Justito lo necesario

Precios globales de las materias primas sin sosiego impactan en la inflación argentina

 

En lo que va del año, la devaluación del peso, los ajustes internos al alza de los precios que le siguen –para más, receptando la atenuada reactivación post-pandemia–, y los precios globales encabritados de las materias primas (no interceptados por retenciones suficientes), soliviantan la tasa de inflación, la que continúa horadando el espacio político de la coalición gobernante y, con ello, la posibilidad de revertir la pobreza reinante. Algunos cenáculos empresariales observan esa paliación del oficialismo como una oportunidad para caerle encima a los derechos de los trabajadores, alegando que ir por esa dirección impulsa el empleo, la productividad y, en definitiva, el crecimiento.

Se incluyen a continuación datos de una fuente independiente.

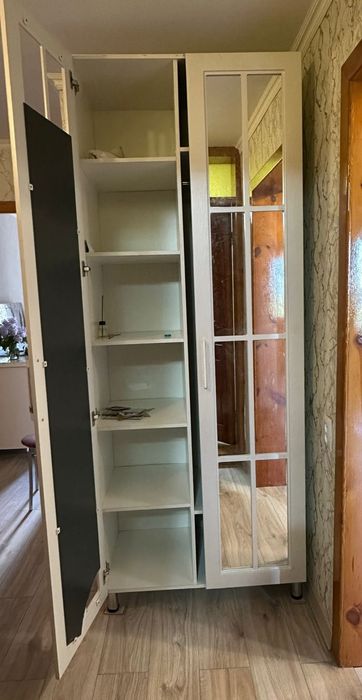 Продаётся двухстворчатый шкаф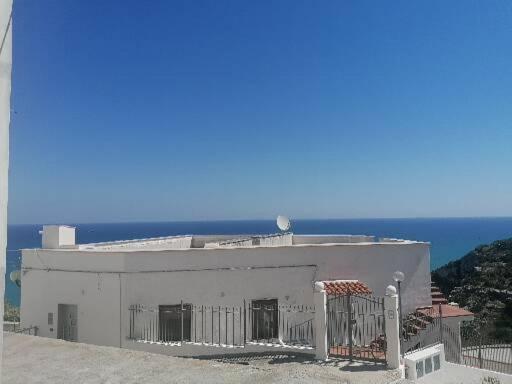 Borgonuovo Luxury Home Пешичи Екстериор снимка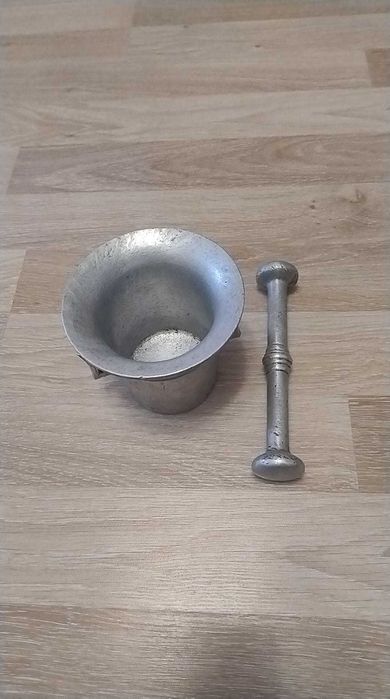 Mojar de aluminiu cu pistil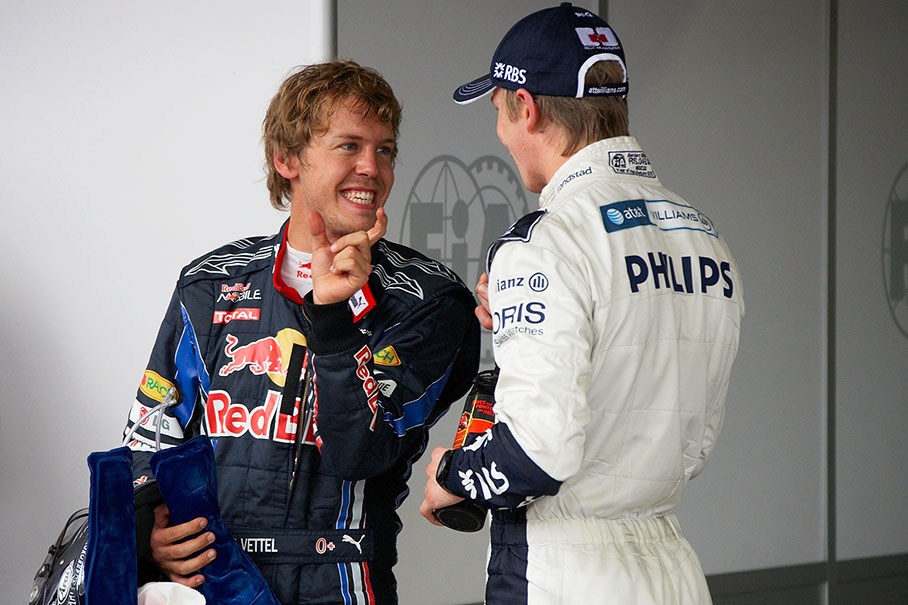 Second qualifier Sebastian Vettel shows the gap to polesetter Nico Hulkenberg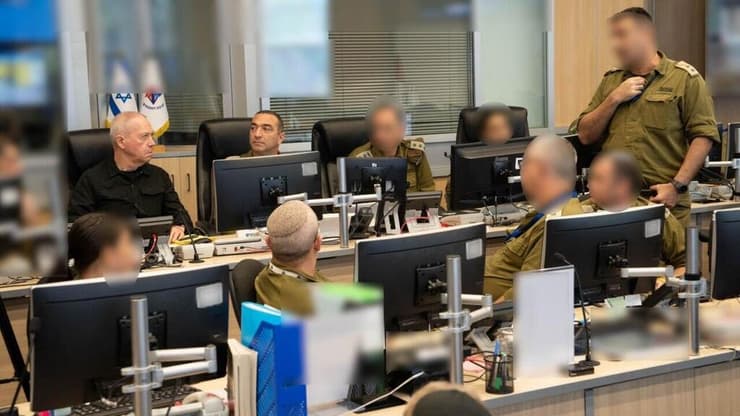 שר הביטחון יואב גלנט ביקר בחמ"ל אגף המבצעים של צה"ל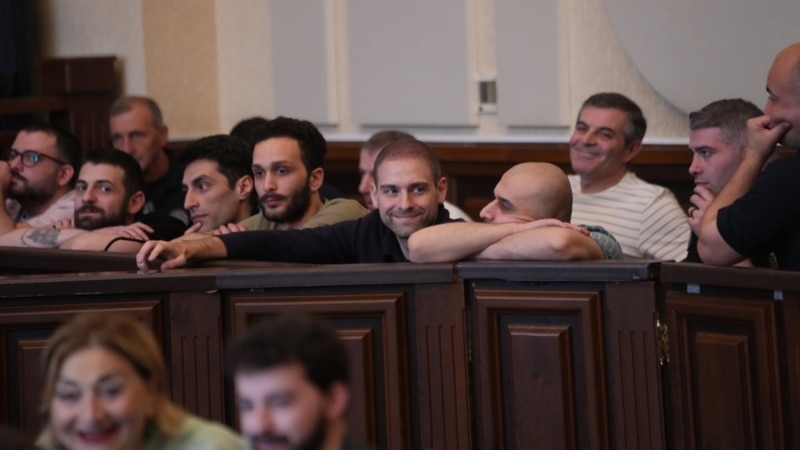 „შეცდომები, რომლებიც დაუშვა გალუსტაშვილმა, თქვენ უნდა გამოასწოროთ“, - 11 დემონსტრანტის საქმე სააპელაციოში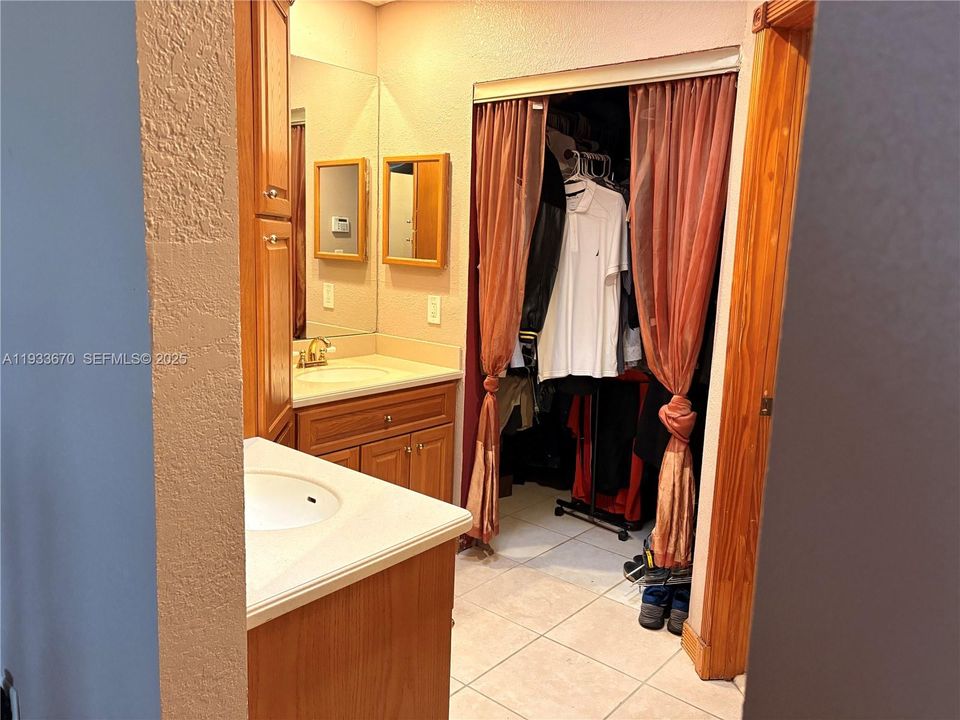 待售: $609,000 (3 贝兹, 2 浴室, 1586 平方英尺)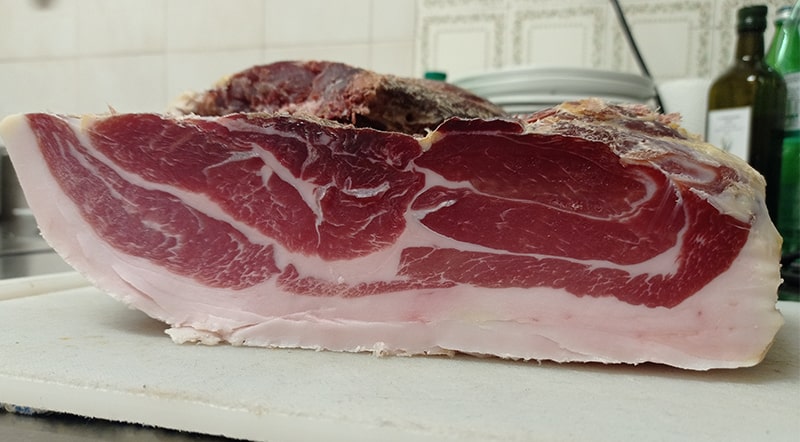 Prosciutto locale Antipasto misto Trattoria la Pineta da Dario Torri in Sabina Rieti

Aguardan los resultados de los comicios del 14 de noviembre como una bandera de largada. Los sectores muy reaccionarios de la clase política que cobijan esta actitud empresarial, y hasta cierta medida la impulsan, enancados en un monetarismo ramplón, suponen que nada de lo que está haciendo el gobierno en materia antinflacionaria tiene las mínimas chances de éxito. A ese diagnóstico se puede arribar desde una posición diametralmente opuesta a la de la derecha reaccionaria. Por caso, los precios globales de las materias primas no encuentran sosiego. Si la política económica no los intercepta en esa mediada presionan en los costos. Se le agrega la crisis mundial de los fletes marítimos y demás segmentos de la logística. La vuelta al ritmo normal pre-pandemia está llevando bastante tiempo.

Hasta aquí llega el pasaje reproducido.